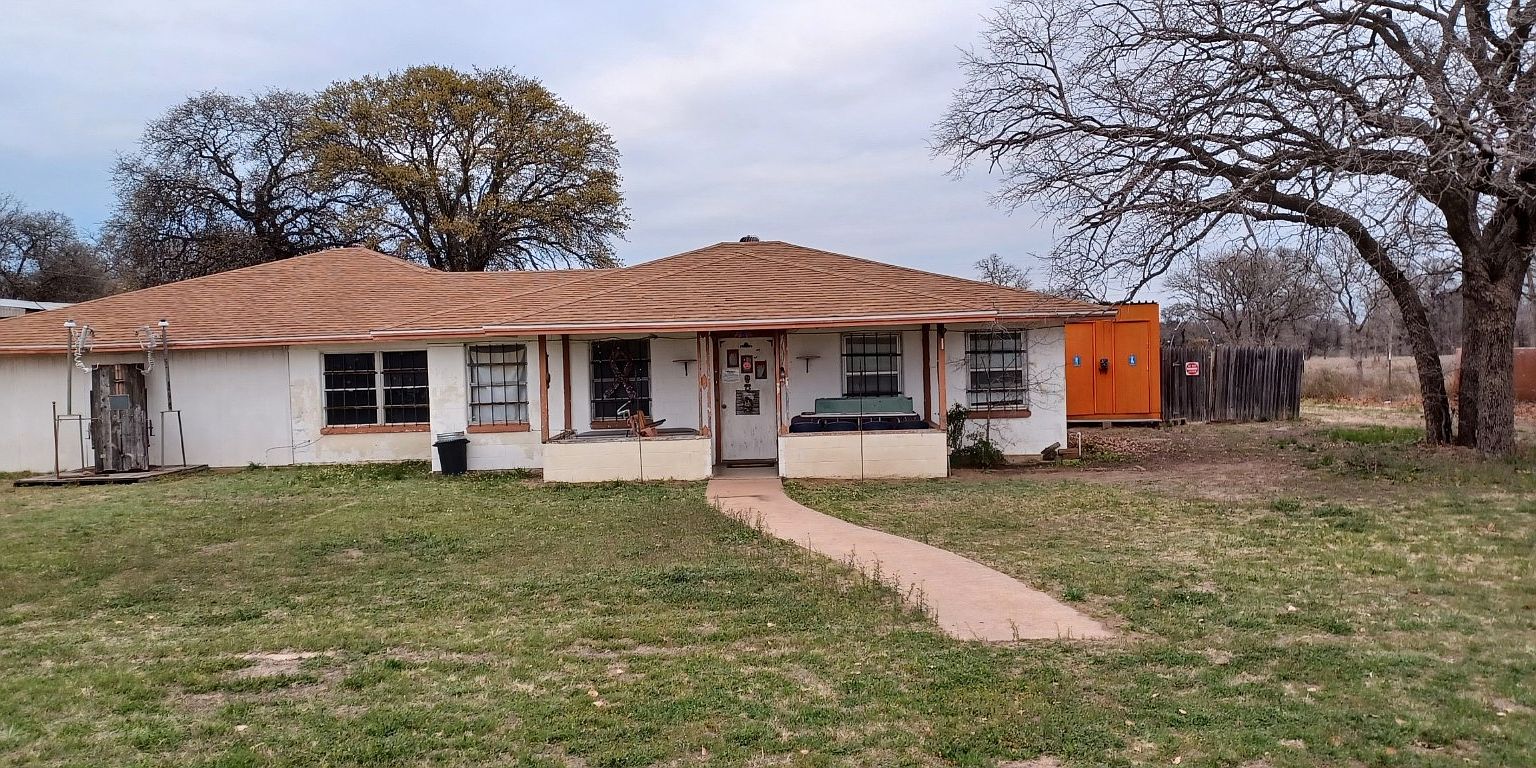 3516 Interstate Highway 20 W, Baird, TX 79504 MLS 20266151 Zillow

--

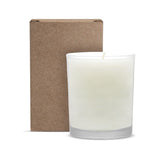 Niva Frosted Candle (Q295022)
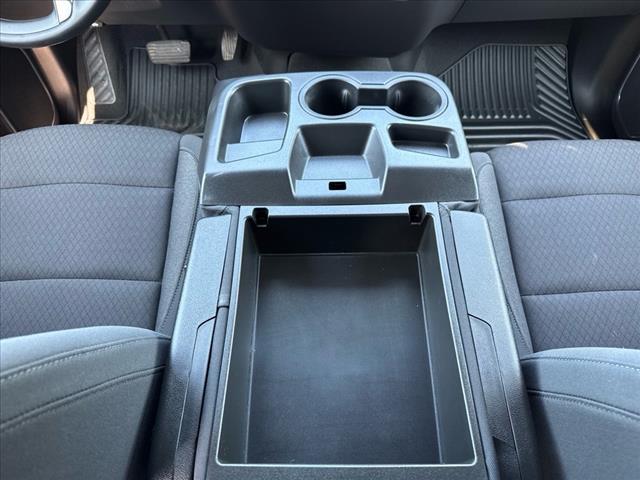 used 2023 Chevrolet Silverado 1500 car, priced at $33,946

Your assignment: Nothing but the lines above, starting at the line that contains "Niva Frosted Candle (Q295022)" and ending at the line that contains "used 2023 Chevrolet", should be given again, exactly and without the pictures.

Result for this exercise:
 Niva Frosted Candle (Q295022)
 used 2023 Chevrolet Silverado 1500 car, priced at $33,946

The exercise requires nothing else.